Batch Extract Text from PDF

Batch extract text from PDF allows you to extract text from multiple PDF documents. For each document the batch process will output a separate text file with the text contents of that document.

Note: If the document does not contain text (for example: scanned documents or images) it will need to be OCR'd first so that there is text to extract.

 

How to Extract Text from a Batch of PDFs

  1. On the toolbar bar go to the Batch Tab > Convert to > Text
  2. Set the options for the batch process. Additional details for each of the settings are available below.
    • Using the File List select the files that need to be processed
    • Set the destination settings for the processed batch files
    • If needed, set any open passwords to be attempted when processing files
  3. Once all of the settings are complete, click on Start... to begin the batch process.

 

Batch Extract Text Settings

File List

Add Files - Displays a file chooser to add individual files to the list.

Add Folder - Displays a file chooser that adds the contents of a directory to the list.

Set Default Batch Directory - When checked, all files from the default batch directory will be added to the File List each time a batch dialog is opened.

Include Subfolders - When checked, will include any supported file types found within sub folder of the chosen default batch directory.

- Removes the selected file(s) from the list.

- Moves the selected file(s) up the list.

- Moves the selected file(s) down the list.

- Moves the selected file(s) to the top of the list.

- Moves the selected file(s) to the bottom of the list.

Save Files To

Destination Folder

Use Source Folder - When this option is selected, the original folder for the PDF document (in the batch process) will be used to save the output files.

Destination Folder - This option allows you to set a destination folder to place all of the processed files. You can type the destination manually or click on the "..." button to open a directory chooser to set the destination folder

  • Preserve Folder Structure: When checked, the output files will be placed within a new folder (within the specified destination folder) using the file's parent directory name.

File Name Pattern

Use Source Filename - Will save the document using the same original name. If another file exists in the directory, a number will be appended to the output file name, to avoid duplicate file names.
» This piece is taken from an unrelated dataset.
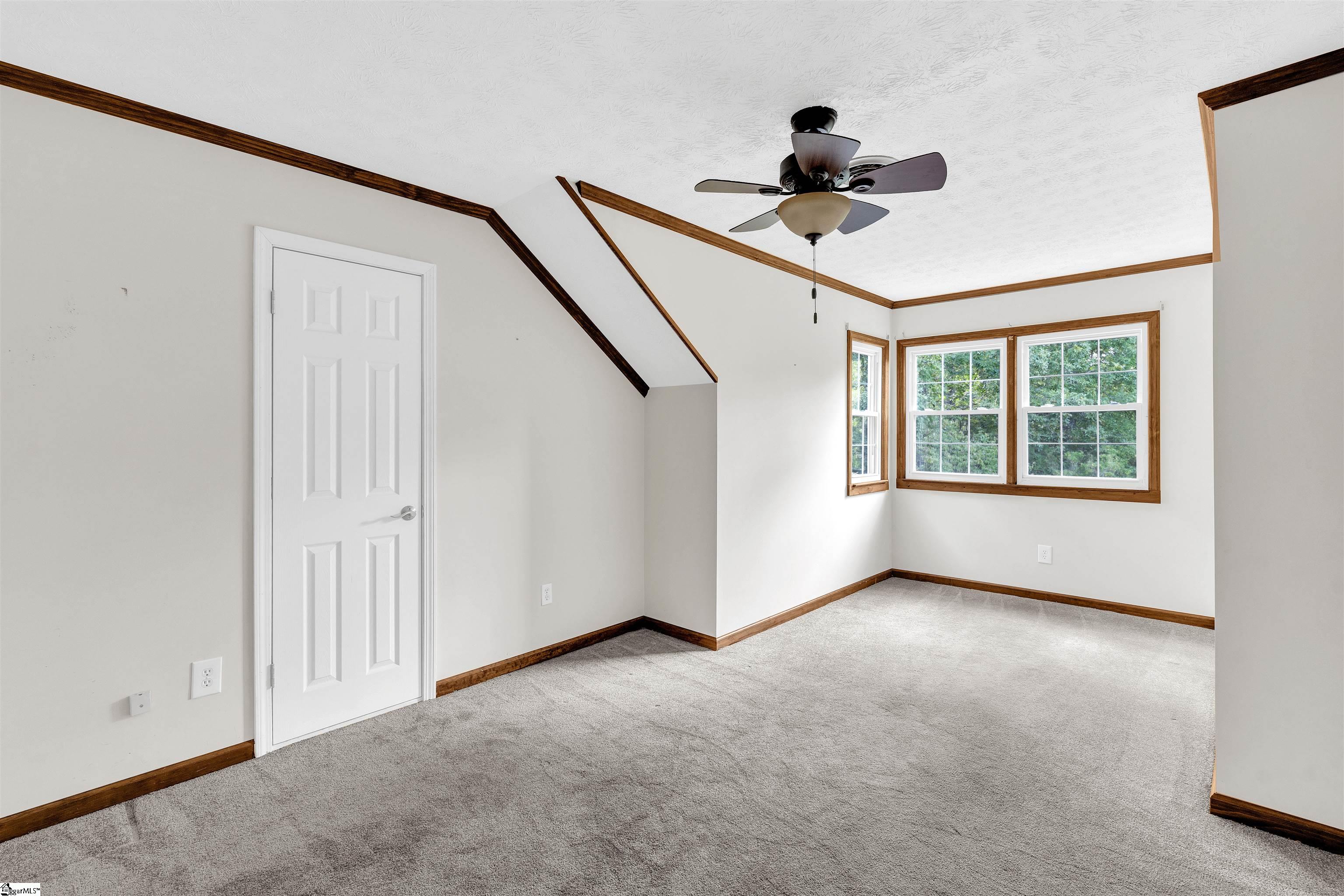 819 J C Cooper Road Fountain Inn, SC 29644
New Filename - When this option is selected, you will need to enter a new filename used for the output files. Each document name will have an incremental counter starting at zero appended to the file name entered in this field. Custom variables may also be used to further distinguish each of the file separations. The available variables are:

  • $filename - The file name (no extension) that the document was opened from
  • $counter - An automatically incrementing number
  • $day - The day of the month
  • $month - The current month, using two digits
  • $year - The current year, using four digits
  • $shortyear - The current year, using two digits
  • $second - The current second
  • $minute - The current minute
  • $hour - The current hour, 1-12
  • $ampm - AM or PM
  • $longhour - The current hour, 0-23

Overwrite Files - When set, if a file with the same name already exists in the directory it will be overwritten with the newly output document.

Note: This CAN NOT be undone. Make sure that you have all your settings correct prior to starting the batch process

Passwords to try when opening documents

To set a password click in the password field or on the Edit button. Then enter the password you want to be used. Do this for up to four passwords to try on password protected PDFs during the batch process.

Note: The passwords entered here will only be used for this batch process and will not be stored anywhere else. Passwords will have to be entered for each new batch process.